Across from me I observed that Doctor Argent had removed a small object from his shirt pocket. It was a small piece of lead the size of a dinner cracker. He also produced an iron nail and, after scratching something on the lead, placed the small metal I had found on the heath near the wall on top of it.
The Phantom Mare saw the Guv’s action and gave a cry that was a banshee wail that might have been of hate or fear. Then she charged.
This time I was ready for her attack. As she charged straight for Doctor Argent I raced up a small rise of land and launched myself into the air.
I flew at her and sprang up to slam the rock between the monster’s eyes with the full force of my whole body before landing beyond her and rolling to my feet. It was hard enough to stagger the beast.
I spun about and pressed the attack, smashing at the same spot on the stumbling beast’s head a second time.
The beast dropped to its knees, dazed.
“We will destroy you, monster,” I said with pride. ”We will!”
The creature that had been Madam Gaunt changed again, her transformation back to her human form as quick as before but this time with a great sound much like the tearing of clothe.
There was a vibration in the air as well that I felt deep down in my gut and a humming like a hundred wasps.
I looked from her kneeling form to see the Guv driving the nail through the metal and the square of lead and dropping both into a hole in the ground. He kicked dirt on them and stamped hard with his foot.

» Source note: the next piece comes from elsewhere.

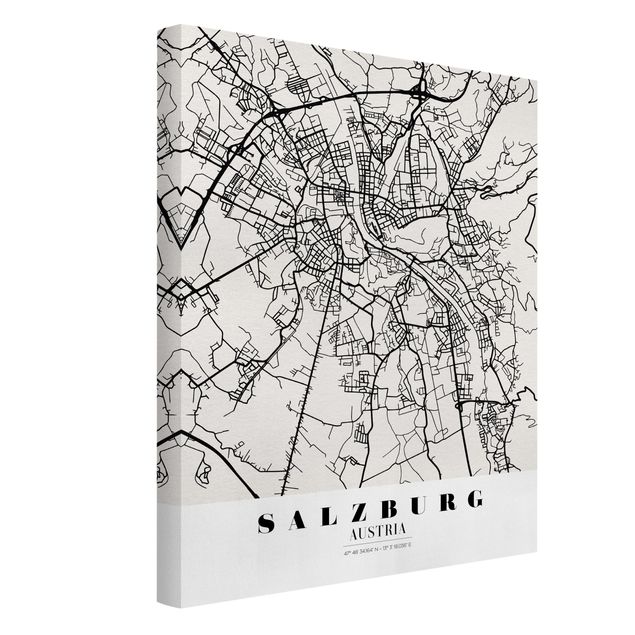 Wandbilder Weltkarten Stadtplan Salzburg - Klassik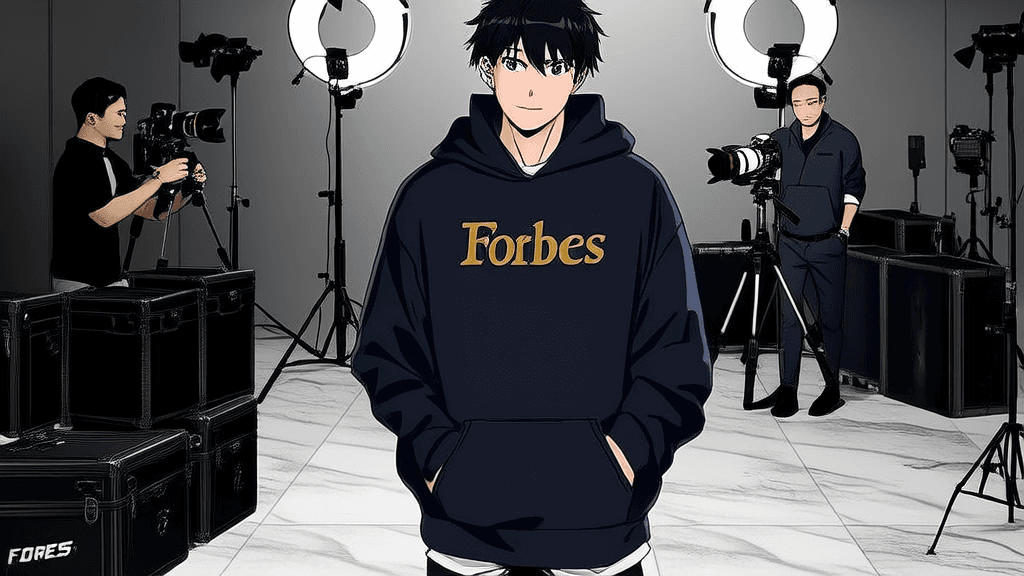 CZ wearing a hoodie at a fancy Forbes photoshoot, looking casual among suited photographers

The transformed woman screamed an inhuman yell, shaking so violently it was if she was having a seizure.
I was torn between the desire to race to her and help and turn away in horror.

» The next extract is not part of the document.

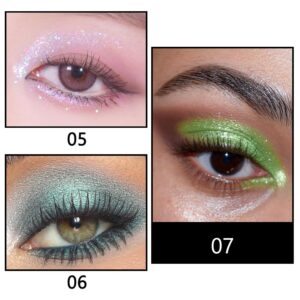 evpct 3Pcs Glitter Pearl White Light Cyan Emerald Dark Green Liquid Eyeshadow Set Sparkly Sparkle Metallic Shimmer Multicolor Eyeliner Liquid Eye shadow Makeup Set Kit Waterproof Long Lasting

The seizure suddenly stopped and the Phantom Mare seemed to rise out of the woman, a ghostly figure like a magic lantern slide, and, with a great rush of wind, flew up into the heavens to disappear.
Mrs. Gaunt slumped onto one arm and fell forward as if life was draining from her.

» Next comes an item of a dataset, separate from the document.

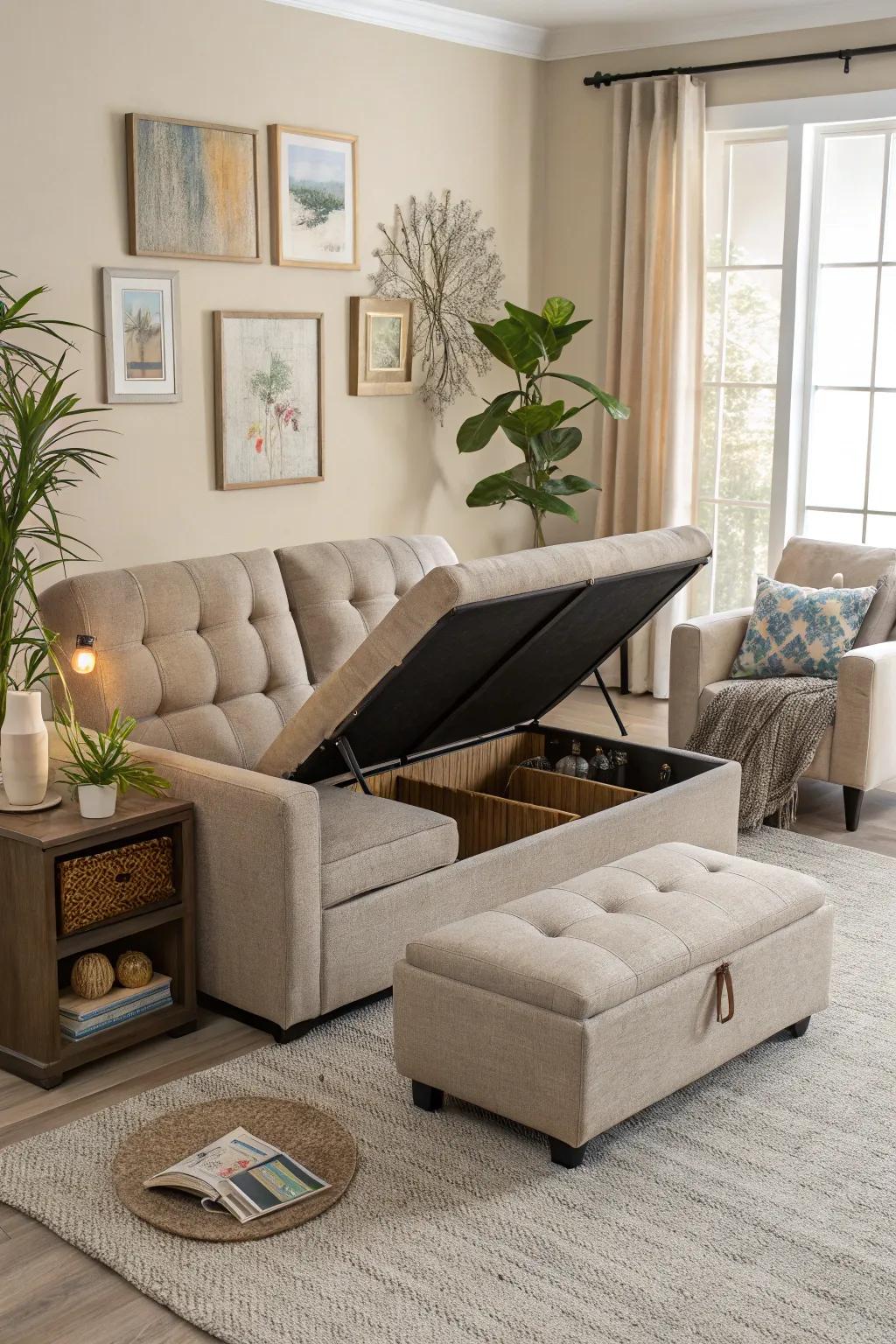 Dual-purpose furniture optimizes space and utility.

“Jack!” Doctor Argent called to startle me out of my shock.
I ran to the woman and caught her up in my arms. Her skin was cold to the touch, her eyes fluttering at the edge of consciousness.
“Is she dying, Doctor?” I asked him.
He knelt beside her and produced a handkerchief to wipe her clammy brow. “No, my friend, she is, indeed just beginning to live free of that demonic presence that has hidden within her her whole life.”
“How did you get rid of it, sir?”
“The Roman way,” he said. “I needed to now which name to inscribe on the lead square, which is why we conducted this little ruse. But once I did know it, I drove the nail through it and the medallion you found, calling on the ancient gods to let what had been done already to be justice enough for the dead girl Algiwa. Cold iron, you know. Once I did, as you saw, they accepted my supplication and the curse was lifted.”
Just then Athelstan came lumbering out of the fog, saw his wife and raced to her.
She opened her eyes as he reached us. “What happened?” She said. “I-I remember some things, but—it is like a nightmare.”
“Soon it will be dream, Madam,” Doctor Argent said. “But even that in time will fade. Just take heart in the fact that the Curse of the Stallion is done.”
“So Andy is safe now?” I asked him.
“Yes,” the Guv said. “And so will be future generations of the Granvilles.”
“Then, would you make one of those little medallion things up for my protection, sir?”
“Because I will need some protection when I tell Andy we ruined his dress jacket—it was his favorite.”